> WHAT THE EXERCISE ASKS
From the line containing "Set da giardino" down to the line containing "Large size! ROYAL", copy out the entries below exactly, both lines included, and nothing else; pictures do not belong in the copy.

> RAW DATA
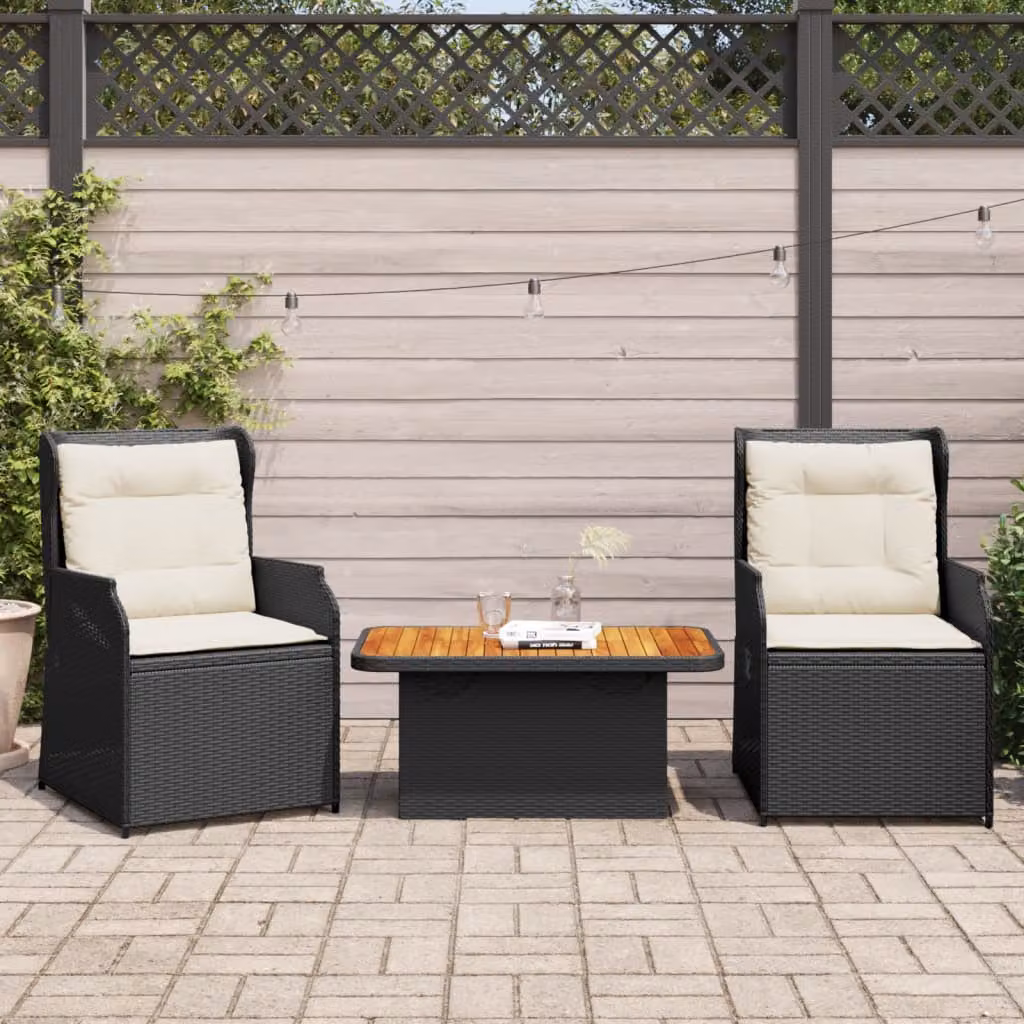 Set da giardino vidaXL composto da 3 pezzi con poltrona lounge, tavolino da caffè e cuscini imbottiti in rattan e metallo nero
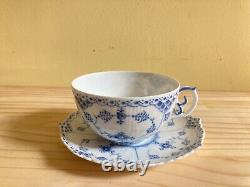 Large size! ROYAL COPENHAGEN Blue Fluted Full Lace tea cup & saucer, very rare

* * *

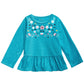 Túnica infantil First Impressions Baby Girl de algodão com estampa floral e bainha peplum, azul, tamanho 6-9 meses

==

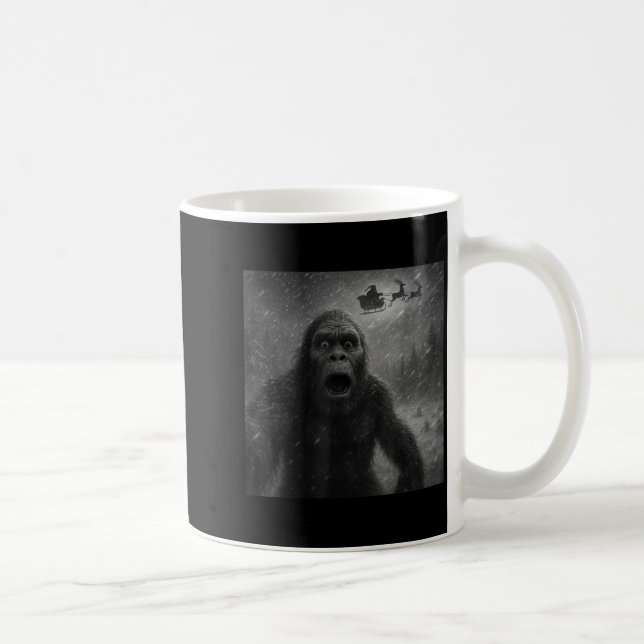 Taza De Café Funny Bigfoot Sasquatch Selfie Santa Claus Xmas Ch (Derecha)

> RESULT
 Set da giardino vidaXL composto da 3 pezzi con poltrona lounge, tavolino da caffè e cuscini imbottiti in rattan e metallo nero
 Large size! ROYAL COPENHAGEN Blue Fluted Full Lace tea cup & saucer, very rare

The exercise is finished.